I was about 18 or 19 when I made a remarkable and life changing discovery. Not all the books in the world got translated into Dutch. Be it published in English, French, Chinese or Alpha Centaurian, it mattered not, a translation was not something you could blindly count on. It needed a publisher who reckoned it would be worthwhile, financially. Which is always difficult in a relatively small market like the Dutch speaking community.
So I made a, initially slow and careful, switch to the English section and - Lo and behold! - suddenly the amount of titles to choose from had doubled, tripled, quadrupled! And as a bonus, English books were decidedly cheaper than the Dutch versions.

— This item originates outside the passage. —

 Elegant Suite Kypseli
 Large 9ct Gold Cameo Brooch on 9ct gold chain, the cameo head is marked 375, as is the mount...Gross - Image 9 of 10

And then, finally, probably around 1988, I encountered The Lord of the Rings in one volume, complete with Index and Appendices, published by Unwin Paperbacks for GBP 8.95 (though I must have paid for it in Dutch Guilders) and consisting of 1193 pages.
I have this weakness. The more pages a book has, the more likely it is I will fall for it. Some people have this with covers, the title or the blurp on the backside, with me it is the size. And 1193 pages totally did it for me.
I took it with me on my holiday that year, which would have been in July I guess, but needed until October to finish it. The story dragged somewhat here, there and back again. And the prose was archaic, not what I was used to. But I fell in love with it, with the book but mostly the language. I learned a lot from that reading experience (patience, among other things).
So, for me it wasn't so much about discovering Tolkien, but discovering a love for English. It did however not make me go and read Tolkien's other books.